[Short text fragments from websites]:
<<<<

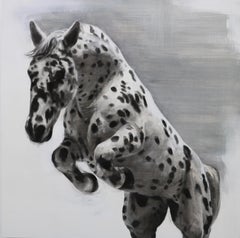 The Mesmerist, Spotted Horse Drawing, Charcoal, gesso and acrylic on wood board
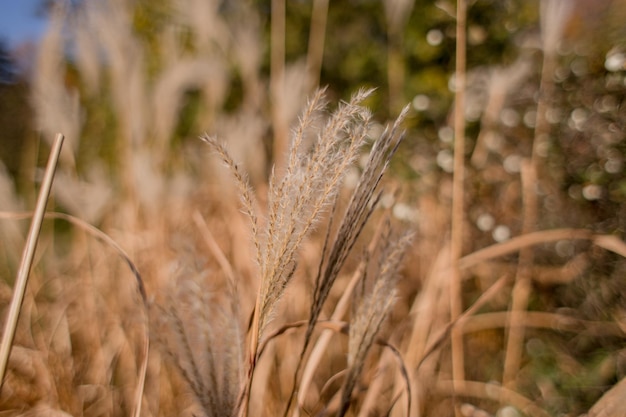 Aartjes van tarwe in een veld close-up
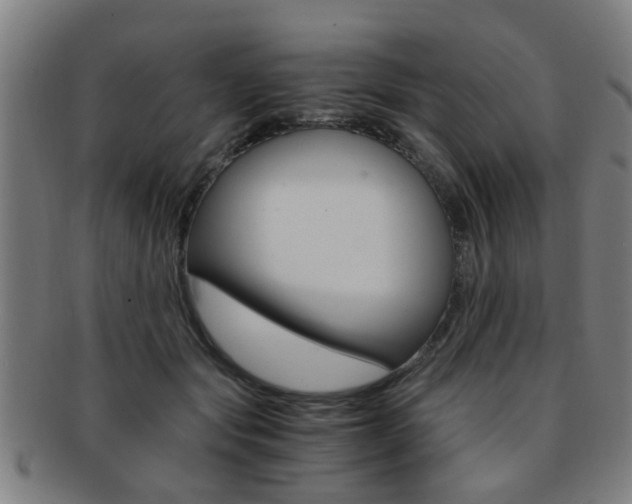 X0000091880557200709051017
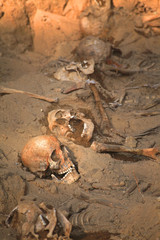 apocalypse concept skull and bones abstrarct background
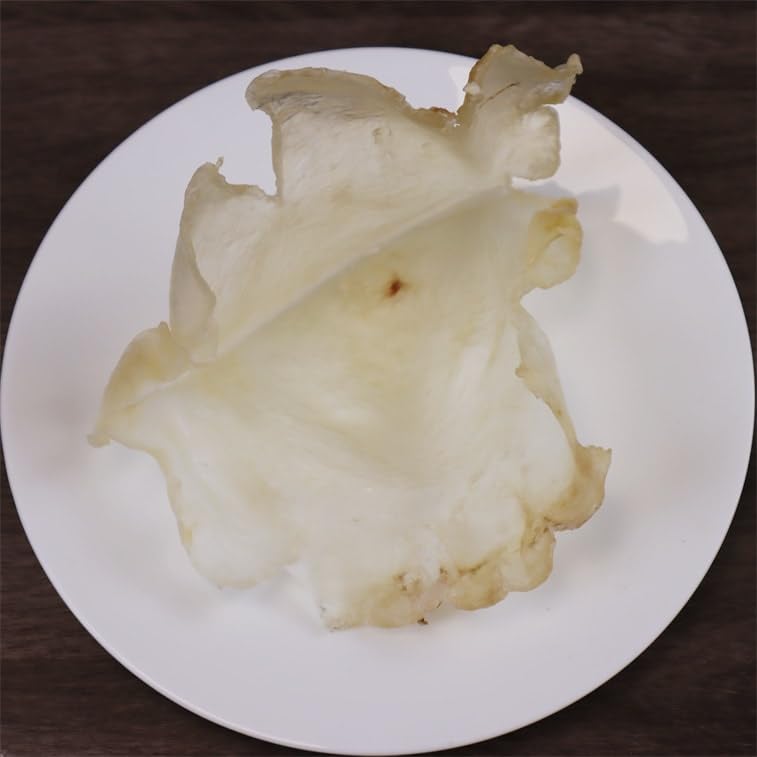 Royal Seafood USA Premium Dried South American wild caught fish maw Big mac size(3-4Pcs) 1lb Dried fish maw, Dried Seafood, Dired Goods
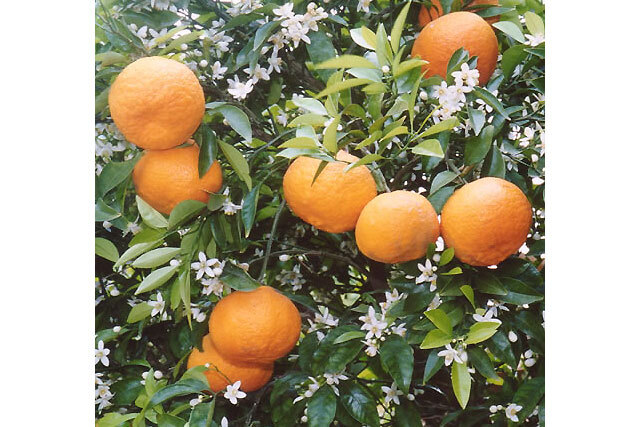 たけなか】萩夏みかんマルマレット（はちみつ入）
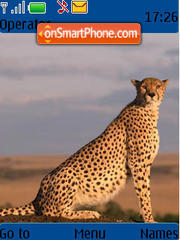 Скриншот темы Cheetah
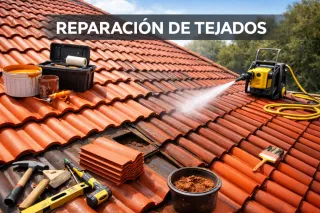 REPARACIÓN DE TEJADOS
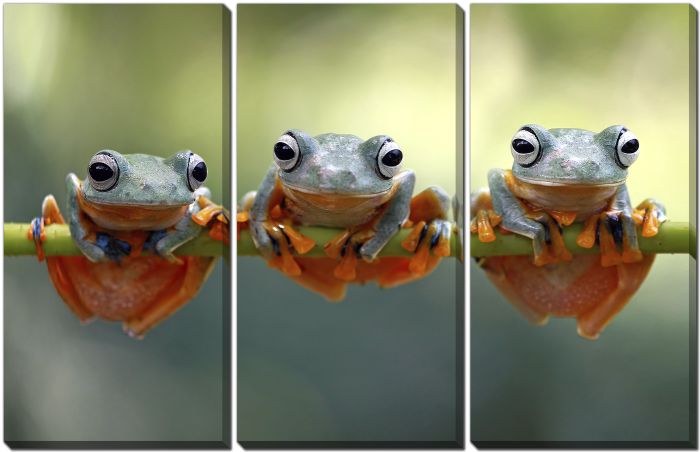 Tree Frogs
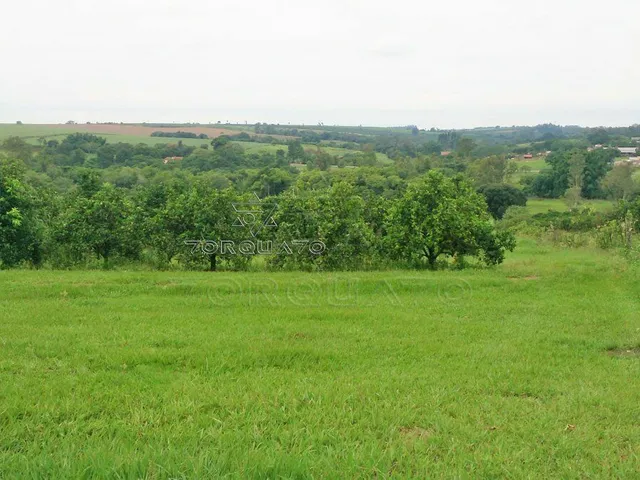 Imagem 8: Seu Sonho Rural em Conchal: Propriedade de 72.600 M² com Infraestrutura Completa!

>>>>

[Problem requirements]:
Copy every record exactly as it appears, apart from any pictures.

[The answer]:
 The Mesmerist, Spotted Horse Drawing, Charcoal, gesso and acrylic on wood board
 Aartjes van tarwe in een veld close-up
 X0000091880557200709051017
 apocalypse concept skull and bones abstrarct background
 Royal Seafood USA Premium Dried South American wild caught fish maw Big mac size(3-4Pcs) 1lb Dried fish maw, Dried Seafood, Dired Goods
 たけなか】萩夏みかんマルマレット（はちみつ入）
 Скриншот темы Cheetah
 REPARACIÓN DE TEJADOS
 Tree Frogs
 Imagem 8: Seu Sonho Rural em Conchal: Propriedade de 72.600 M² com Infraestrutura Completa!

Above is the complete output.